There are several important examples of this, as follows:
1. A clean renewal of the Alaska Coastal Management Program (ACMP) passed the House in March, 2011 on a unanimous vote. However, a clean renewal of an existing program that was already working fairly well under federal guidelines was not sufficient for several anti-business Senators. They let the bill die without a floor vote in the regular session, then proceeded to insert provisions into the bill during special session that allowed for the consideration of unscientific “local knowledge,” thus adding even greater permitting uncertainty into an already difficult federal permitting process. The delays associated with the special session caused the ACMP program to begin to shutting down in May, 2011. This, combined with the “local knowledge” language, caused the special session bill to fail in the House on a tie vote. The upshot is that a group was formed to gather signatures for a ballot initiative, which is now on the August primary ballot. That language is even more onerous than the version that passed the Senate during special session in 2011.
2. On budget matters, the Senate Majority attempted to circumvent the normal balance of power between the House, Senate and Governor during the 2011 session in order to force the adoption of their version of a bloated operating and capital budget. Fortunately, House leaders called their bluff, but the 2011 regular session ended without a capital budget and a special session was required to sort it all out.
3. A key litigation reform bill which would have increased accountability for frivolous, anti-development lawsuits passed the House with strong bi-partisan support. On the Senate side, it died in Judiciary Committee without being seriously considered.

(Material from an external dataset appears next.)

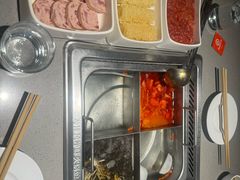 -海底捞火锅(八佰伴店)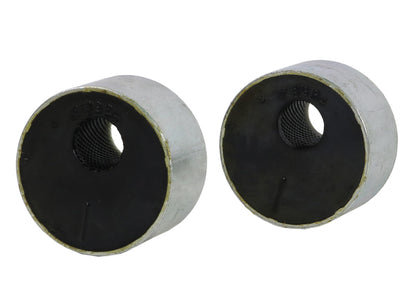 Whiteline Control Arm Lower - Inner Rear Bushing Kit-Double Offset - BMW 3 (1982-1994 | E30 (EXCL. M3))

4. On the creation of an Alaska Transportation Infrastructure Fund (ATIF) to smooth out and de-politicize critical road, port and airport funding, the House passed a resolution that would have allowed the public to vote on this important idea. An ATIF has been listed as a high priority by numerous business organizations across the state. The House vote was bi-partisan. In the Senate, the supposedly bi-partisan coalition was unable to even give the House resolution a floor vote. It died in the Senate Finance Committee without being seriously considered.
5. On oil tax reform, Senators refused to even hear legislation that had passed the House in March, 2011. Claiming that they had “too little information,” Senators delayed action and spent upwards of $1,000,000 on consultants. (Ironically, many of these same Senators had expressed remarkably little need for information when they rammed through some of the worst provisions of the ACES tax hikes during a late-night Senate Finance session in 2007.) After two legislative years, Senators were unable to garner enough votes in their own coalition to pass their main tax reform bill, SB192. So, in the final day of regular session in 2012, Senate leadership grafted some very limited oil tax provisions onto a state film tax credit bill, rammed it through the Senate, and left the House only hours to consider this hastily assembled bill. Yet another special session was then called, which also ended in failure. Consequently, the single most important economic issue facing Alaska has been left unresolved.